The next scheduled review of the United States–Mexico–Canada ‘free trade’ Agreement is expected to begin around July. The agreement replaced the earlier North American Free Trade Agreement and forms the backbone of regional trade flows.

However, recent reports suggest that US policymakers are considering significant revisions to the deal, raising the possibility of renewed negotiations.

Officials have signalled that the upcoming review will not simply rubber-stamp the existing terms. That stance has unsettled investors, given the importance of the United States as Canada's dominant export market.

Research from Barclays argues that such geopolitical and trade frictions help explain why the Canadian dollar has lagged behind other commodity-linked currencies despite strong oil prices.

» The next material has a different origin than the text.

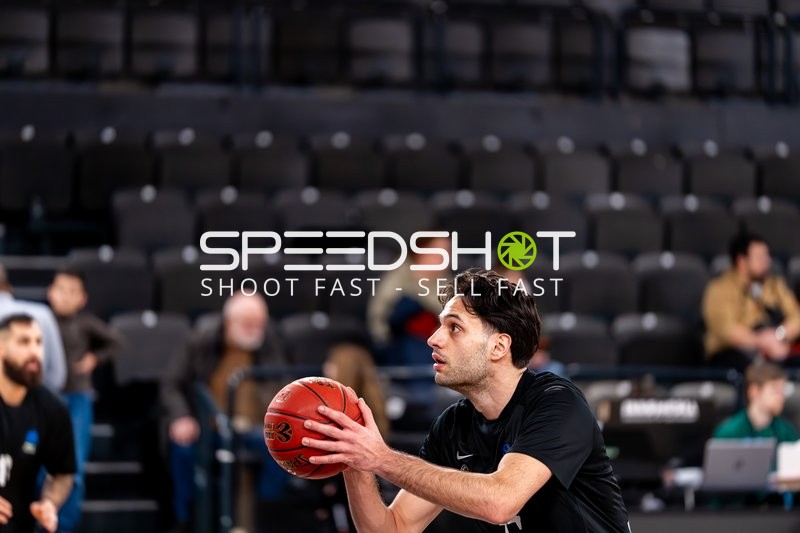 Benedikt Turudic (44; Veolia Towers Hamburg) mit Ball in Aktion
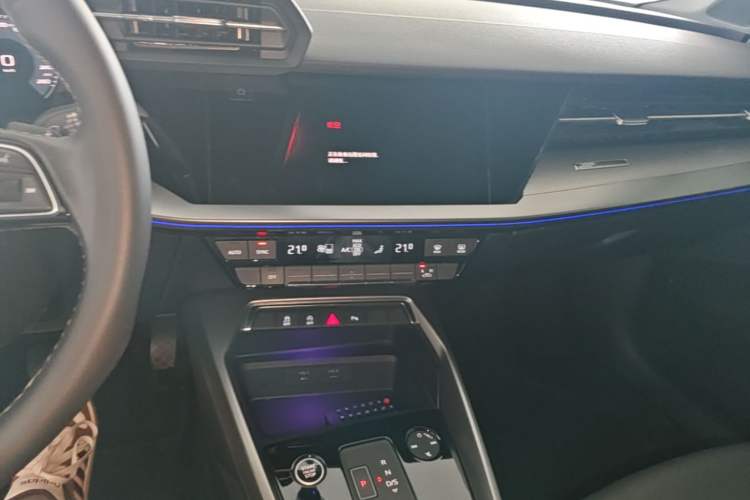 Used Audi A3 2024 A3L Limousine 35 TFSI Fashion Sport Model Audio And AC Panel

Strategists at HSBC echo that view, warning that uncertainty surrounding the trade agreement could trigger bouts of selling pressure in the months ahead.

Structural Questions Remain

Despite improving sentiment indicators, some analysts caution that Canada still faces deeper economic challenges that could limit the currency's long-term upside.

Research from payments firm Convera argues that the Canadian economy has struggled with weak productivity growth for years, a trend that has gradually widened the gap between Canadian and American living standards.

According to the firm's analysis, Canadian labour productivity remains roughly 70% of that in the United States. The disparity, it argues, reflects an extended period during which investment flowed disproportionately into domestic sectors, particularly real estate, rather than into export-driven industries.

Sterling Steadies Elsewhere

Interestingly, the pound's weakness against the Canadian dollar contrasts with its performance against other major currencies. Sterling has strengthened modestly against both the Greenback and the euro in recent sessions, aided by a partial retreat in global oil prices and signs that geopolitical tensions may be easing.

Oil markets cooled after indications that military objectives in the conflict involving Iran may soon be completed and that shipping routes through the Gulf could reopen. Benchmark crude prices fell back toward $90 a barrel after briefly spiking above $110 earlier, suggesting that the geopolitical risk premium embedded in energy markets may be fading.

That shift has softened the US dollar and lifted risk sentiment more broadly. As a result, GBP/USD climbed to roughly 1.34, extending gains from the previous trading sessions.

The pound has also edged higher against the euro, trading around 1.15 and approaching a fourth consecutive daily rise. For now, however, sterling's broader fortunes remain tied to developments in energy markets. As long as oil prices stay elevated, currencies linked to commodity exports are likely to enjoy an advantage.